# Task goal
Once you reach the line with "Image number 1" below, copy each line exactly, stopping after the line with "Gold stone antique", and skip any pictures.

# Extracted records
--*--
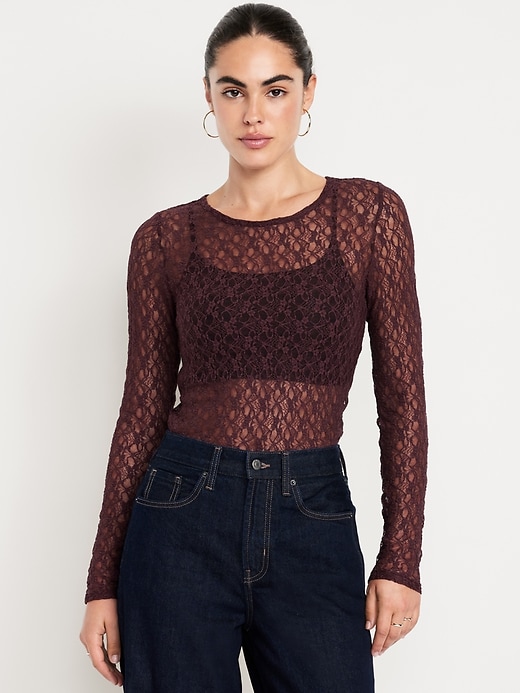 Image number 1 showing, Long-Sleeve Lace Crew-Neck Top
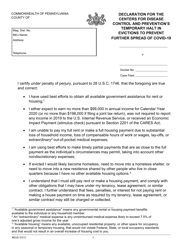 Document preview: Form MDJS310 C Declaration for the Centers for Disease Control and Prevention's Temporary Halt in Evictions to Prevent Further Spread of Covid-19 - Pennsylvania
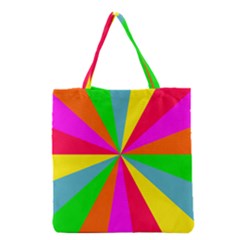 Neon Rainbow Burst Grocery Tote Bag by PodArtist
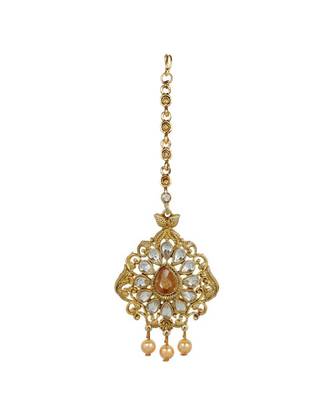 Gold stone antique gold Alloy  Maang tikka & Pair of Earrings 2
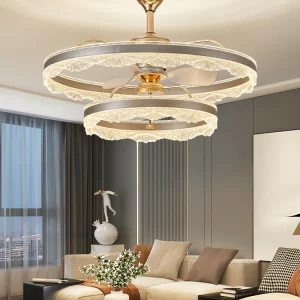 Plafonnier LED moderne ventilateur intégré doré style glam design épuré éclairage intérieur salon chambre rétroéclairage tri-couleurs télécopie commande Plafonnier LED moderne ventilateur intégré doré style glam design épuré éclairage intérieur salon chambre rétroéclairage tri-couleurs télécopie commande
--*--
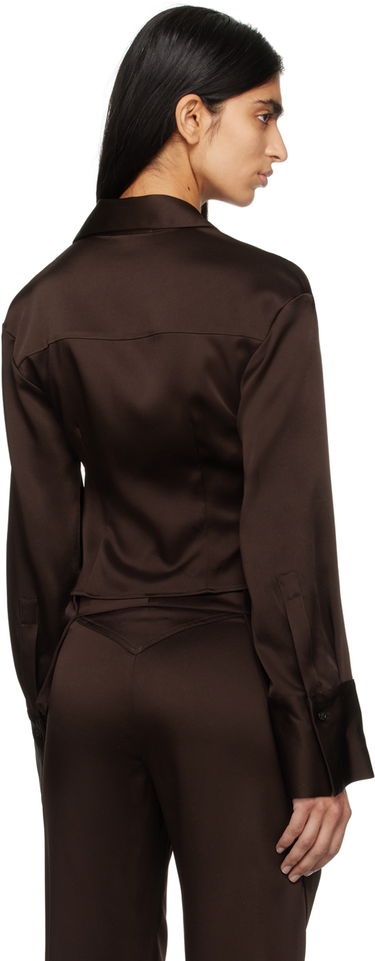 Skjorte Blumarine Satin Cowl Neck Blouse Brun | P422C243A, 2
--*--
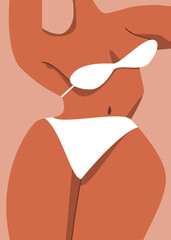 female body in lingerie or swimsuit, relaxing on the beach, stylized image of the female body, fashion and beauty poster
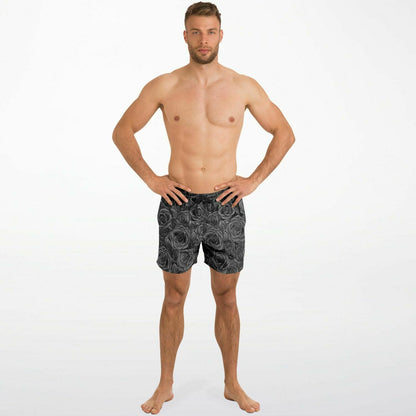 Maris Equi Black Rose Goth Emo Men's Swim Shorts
--*--
# Response to this exercise
 Image number 1 showing, Long-Sleeve Lace Crew-Neck Top
 Document preview: Form MDJS310 C Declaration for the Centers for Disease Control and Prevention's Temporary Halt in Evictions to Prevent Further Spread of Covid-19 - Pennsylvania
 Neon Rainbow Burst Grocery Tote Bag by PodArtist
 Gold stone antique gold Alloy  Maang tikka & Pair of Earrings 2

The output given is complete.